Contrary to what you might believe [FIRST NAME GOES HERE], the hardest thing about Jiu-Jitsu is not “doing”Jiu-Jitsu.
THE hardest part about Jiu-Jitsu is “learning” Jiu-Jitsu.
Any New Skill Presents Its Challenges - It doesn’t matter what new skill you want to learn, there is an optimal way to learn it.
For example, some people learn with their “ears” (“tell” me what you want me to do), while others learn with their “eyes” (“let me see” what you want me to do), and others still learn by “touch” (“let me feel” what you’re wanting me to do).
Many learn through a “combination” of one or more of these modalities.
With some activities, we have to “connect” our mental learning with our body learning, similar to learning a musical instrument.
Now add in physical “stresses,” and you’ll see that learning Jiu-Jitsu is on a whole ‘nother level altogether.
The best learners in Jiu-Jitsu have been able to combine
1) their mental learning with their
2) physical learning with the ability to
3) control their emotions when feeling both physical AND mental stress.
Sound daunting? It is!
But can anyone learn Jiu-Jitsu skills? Most definitely!
The keys to learning Jiu-Jitsu in the most efficient manner must be broken down into steps.
Step 1 - Find A Suitable Curriculum.
Without a curriculum in your hands, what exactly are you learning? If you’re attending a local academy, do they even have a curriculum?
Sadly, most don’t. Many instructors get their ideas for the day from someone else or worse, YouTube.
You can also find suitable curricula online (like at KamaJiuJitsu.com) or in DVD (old school) or streaming format.
Step 2 - Make Sure You Have A Methodology To Learn The Curriculum.
You found a suitable curriculum. Now, how do you go about learning it? Is there an order to learning it?

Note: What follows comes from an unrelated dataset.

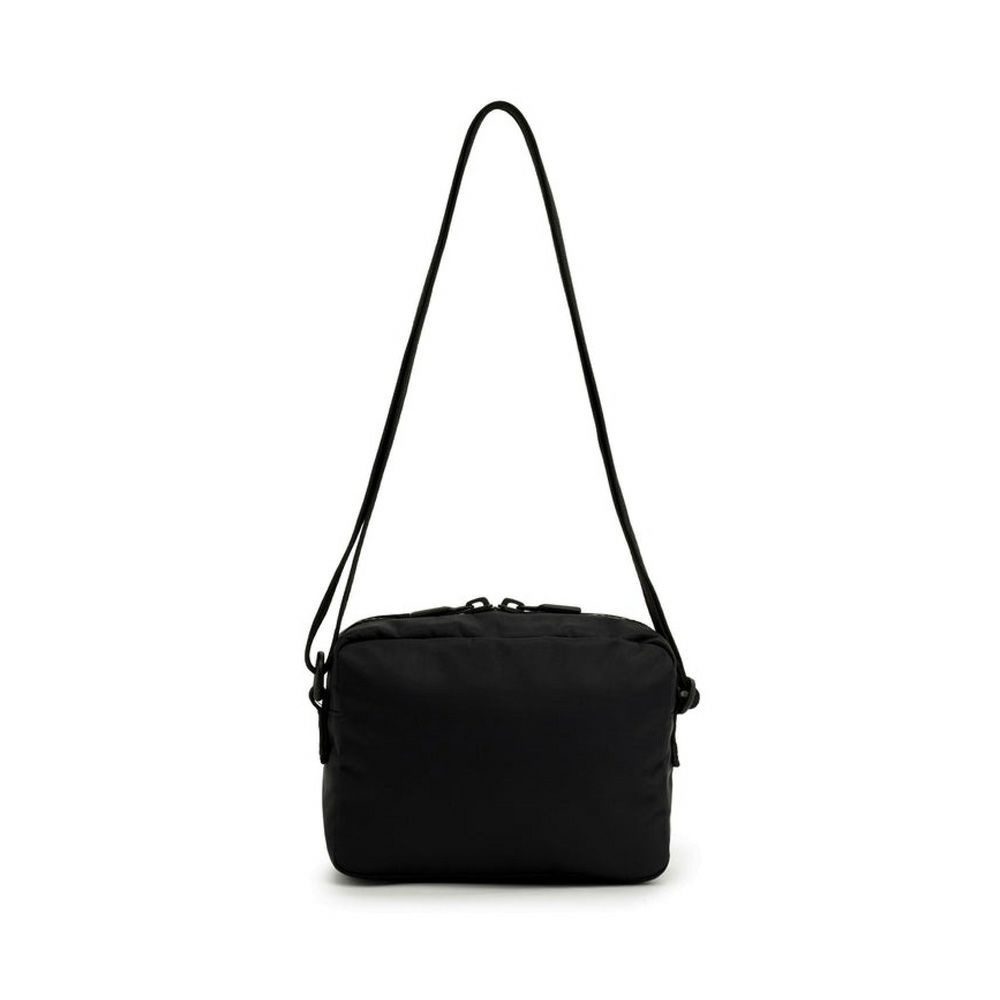 ハンター バック ショルダーバック レディース メンズ ナイロン クロスボディ ミニ HUNTER 3930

Do they recommend a “linear,” “circular,” or (worse) a “random” order to progressing through the curriculum?
Do they have “tips and tricks” (or hacks) to learning their curriculum in the most efficient manner?
A good methodology gives you a way to remain disciplined in running through the curriculum.
Step 3 - Is There A Way To Monitor Your Progress Regularly?
No, this step is not simply you being awarded a new color belt or stripes on your belt.
TIME training or in class is NOT an adequate measure of your success, as you might be led to believe (“the most important gauge in your progress is your ‘mat time.’ “).
We have met dozens of practitioners who have years “on the mat” who know less than a properly trained student with only a year under his belt.
If you’ve purchased an online curriculum, make some time to visit the creator of the curriculum to test your progress before attempting to move on to more advanced concepts.
Getting a command of your recent learnings before moving on is of utmost importance.
Step 4 - Do Periodic Reviews Before Going Forward.
Make sure you have a comfort level in what you recently learned (and what you learned months ago) to where you can execute the concepts without much thinking required.
Making these concepts “instinctive” takes time and repetition, but time spent in this step is well worth the time and effort.
Step 5a - Strive to be 1% better today than you were yesterday.
Don’t expect large improvements on a day to day basis. Shoot for small incremental improvements instead.
A simple 1% rate of improvement on every training day will amount to a HUGE improvement over the course of a month, let alone a whole year.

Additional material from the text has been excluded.